Tuesday, March 5, 2013

You heard it here first

Today we read that the City Council is calling single-stream recycling, including glass, a "no-brainer." Apparently this eureka moment comes at the urging of angry Prescottonians. Good going, we-the-people. Just let me remind you that this fruit has been hanging low the whole time, as I noted over two years ago:

Rethinking the Glass Problem
Pop Rocket, February 2011
An awful lot of Prescottonians, including yours truly, were dismayed when the City "suspended" its glass recycling program in September. Some were outraged. Of the myriad materials we send to the landfill, glass is arguably the most durable and among the simplest to recycle. It simply should not be in the waste stream.
     When The Daily Courier quoted City staff saying that there was "no market" for recycled glass and that "manufacturers found it cheaper to start from scratch to make new glass products," my internal BS alarm went off.
     Among the outraged is my partner Lesley, recently moved to Prescott from Sedona, a much smaller municipality that manages to maintain regular glass recycling through a private-sector arrangement. She dug into the issue and turned up some illuminating facts.
     It turns out that yes, prices for used glass are down, but it's not quite true that there is no market. A look at how the big kids do it shows that a lot depends on how you design your program.

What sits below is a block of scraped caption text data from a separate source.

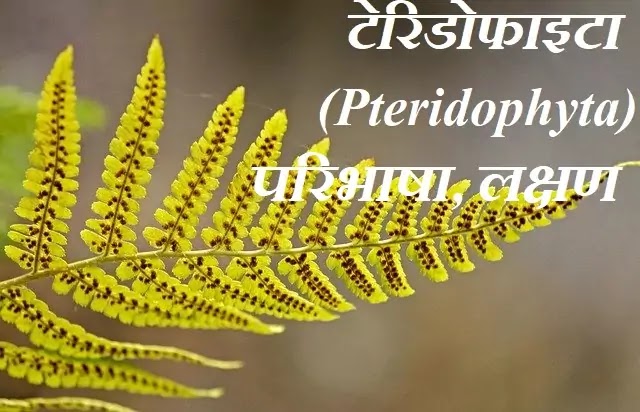 टेरिडोफाइटा (Pteridophyta) : परिभाषा, लक्षण|in hindi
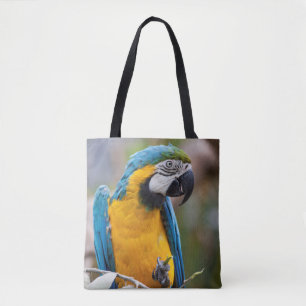 Macao bleu et jaune sur le sac d'impression
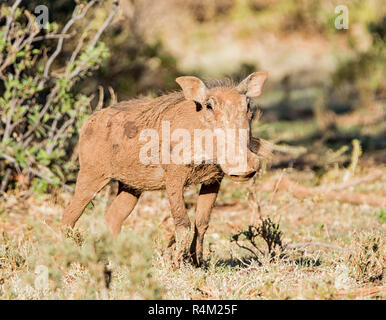 Portrait of a Warthog in Southern African savanna Stock Photo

     Prescott contracts with Norton Environmental in Flagstaff to pick up our recyclables at the Sundog transfer station, and we pay $10 per ton for the privilege, a savings compared to paying Waste Management to entomb the stuff out at the Grey Wolf landfill.
      But Norton has never been able to handle our glass. The City's glass effort has been a separate stream involving local crushing and direct marketing. In the mid-aughts, prices for glass fell below the costs (including transport, a big piece) of this relatively small operation, creating the sort of fluctuation squeeze any commodity manager can see coming when margins and efficiency are low. 

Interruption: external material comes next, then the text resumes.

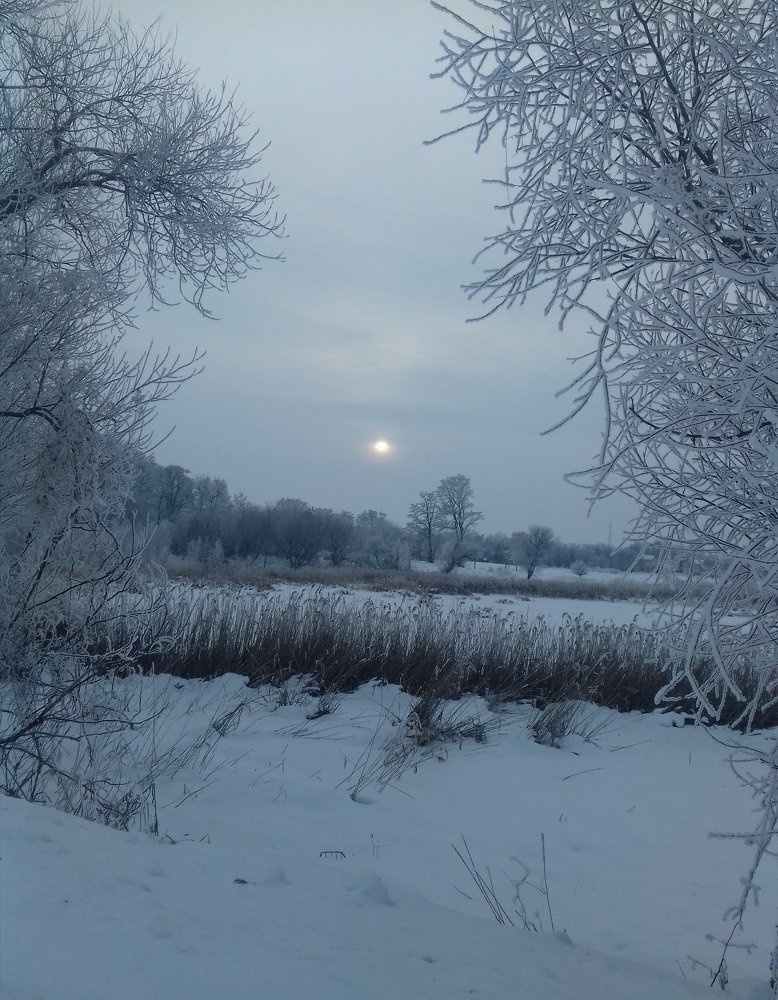 ,, Морозно, не разгуляешься. *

     Efficiency comes with scale. Phoenix, Mesa, Scottsdale, several smaller Valley cities and a bunch of large corporations like Anheuser-Busch, Coca-Cola and the US Postal Service concentrate their recyclables on the huge Hudson Baylor facility in West Phoenix. This New York-based company does single-stream recycling, meaning all recyclables, including glass, go into the same bin and large machinery does most of the sorting. HB pays the cities for their materials, and it sells the sorted products to reprocessors. A YouTube search for "Hudson Baylor Avondale" will get you a look at how it works.
     Currently the most valuable materials in the recycle stream are aluminum and cardboard. (A large proportion of the cardboard winds up sold to Chinese concerns, an interesting foreign-trade angle. We may not be leading the world in manufacturing anymore, but our consumer culture does pump out a lot of salable waste.) With a diversified income stream, the more profitable materials compensate for lower-yielding materials, like glass is right now. The simplicity of single-streamingencourages people to recycle more, bringing in more profitable materials, and its processing efficiency reduces cost.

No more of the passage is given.